It's been an entire week since your last confession and there's been a lot of good, solid sinning going on across the country. Check out the top 5 and don't forget to submit your misdeeds to our submission page!
My roommate told me one day he had a gambling problem. I was wondering why he was telling me this when he opened the doors of the TV cabinet to find my 3,000 dollar 64 inch flatscreen gone. That f*ckhead gave it to a guy he owed 200 bucks! So I decided to con him out of his money with a 3 card monte trick. I got him hooked in after an accomplice of mine won money off of me, you know, on purpose. I ended up getting about 4,400 off of him!
Anonymous, University of Central Florida
Dearest Roomie, thank you ever so much for putting up pictures comparing me to a pig in our dorm hallways to "motivate me to lose weight." Your thoughtfulness inspired me to tell your boyfriend about all of the drunken hook ups you had while he was out working night shifts so you could two live together next year. I only did it to motivate you to be a better girlfriend and not a drunk whore. Oh, and it looks like your boyfriend doesn't mind bigger girls, seeing as we had sex in your bed for a week before he dumped your ass. Can't wait to room with you again next term!
Amanda H, Carleton U
The guy in the room next door was an absolute ass. He acts as though that he is God's gift to women. The problem is, he has loud sex every weekend. Not just loud. He teaches us every weekend that there are always new ways to tell the world about your orgasm, and acts nonchalant about it when we confront him. The thing is, he takes great pleasure in his BMW, and lets us all know how it looks like. One day, my roommate and I had enough. They were going at it like some sex-starved dinosaurs with a speech problem. I was one of the top few in Engineering and Physics and my roommate was the resident car geek. We made a spring-loaded gun and shot ball bearings up his BMW's exhaust. Serves you right for being a prick. Thank goodness you're leaving.

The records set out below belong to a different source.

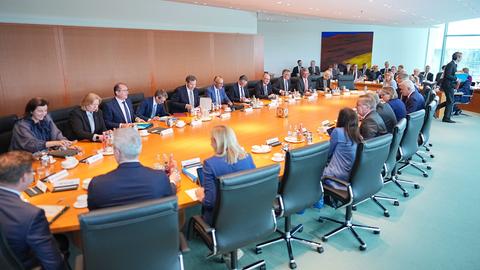 Bundeskanzler Friedrich Merz (CDU, M) leitet die Sitzung des Bundeskabinetts mit den geplanten Beschlüssen für den Regierungsentwurf für den Bundeshaushalt 2027.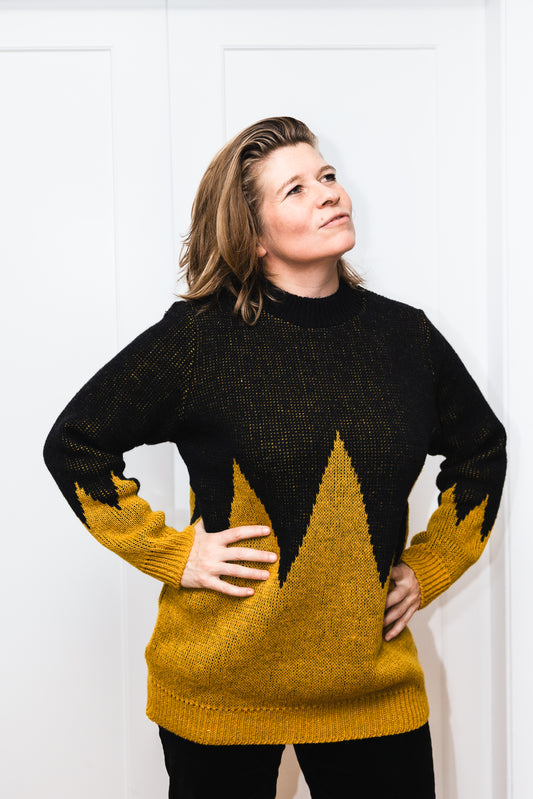 Haustpeysa - vélprjónuð - svört og gul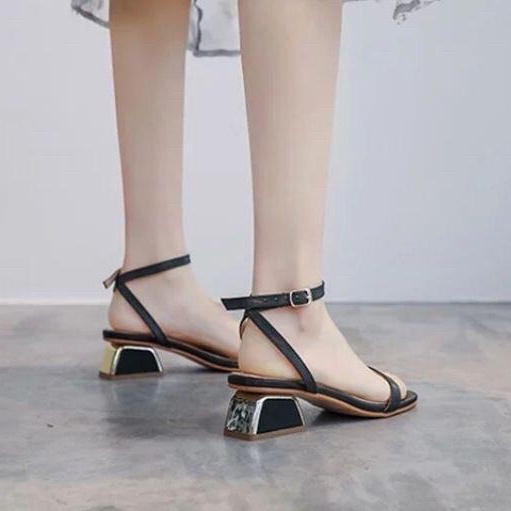Giày Cao Gót Sandal Nữ Quai Hậu Chéo Mảnh Mũi Vuông Đế Trụ Cao 5cm Màu Đen/Hồng/Nâu mã N6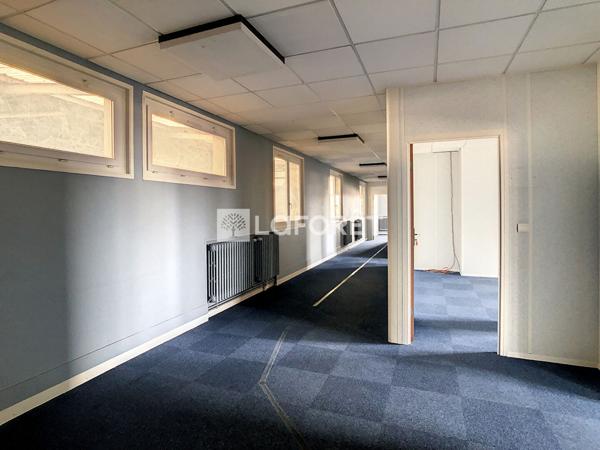 Location bureau près de Vitry-le-François - 5 pièce(s) - 171 m² - 1 250 € par mois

Anonymous, School Not Given
Remember that time you kicked me out of our dorm at 8:00 AM wearing nothing but a towel because you felt you needed some alone time to recover from your hangover a few nights ago? Well, I remember. I also took the liberty to remember how many girls you fucked in a week, and where you hid your condoms. Under MY sheets. So, I decided I'd go ahead and sprinkle the inside of your condoms with Cayenne pepper. Enjoy that "burning sensation" you always gloated to me about.
Josh H, University of Texas, Austin
Hey ex-roomie, remember how you were such an uptight asshole and you judged me for being 'sexually promiscuous' when I had only slept with 3 guys my entire life? Well, when you were working evenings at the restaurant I used to go into your room and masturbate on your bed. When I was finished, I rubbed my hands all over your pillows. I also let Corey sit naked in our big yellow chair. Ha!
Jenna L, Algonquin College, Ottawa, ON, Canada
My friends got an apartment off campus with this girl, who they'd known for a bit, and since they were dating and it was a three bedroom I eventually moved in. A few times rent was due the girl was short, and since I had a good job I'd pitch in, after about the third month we got this notice saying we never paid, we gave her the money to pay, well one day my friend opened the closet and found her sleeping in the closet. We didn't say anything but we followed her and the fat fuck was getting double cheeseburgers at McDonald's and NOT going to work with our money, so one night she was borrowing her pals car and we called the cops and reported it stolen we decided to throw a party moments after and broke into your room, and let everyone "take whatever." I hope explaining to the cops that you WERE allowed to borrow the car, and come home to all your stuff gone, was worth all those double cheeseburgers. P.S. I had sex in your bed with the guy you liked because you wouldn't let me have sex in the apartment normally.
Samantha P., School Not Given
Yo roomie, that was me that pissed on you while you were sleeping. Sorry, I was drunk and it seemed like it would be funny. It was.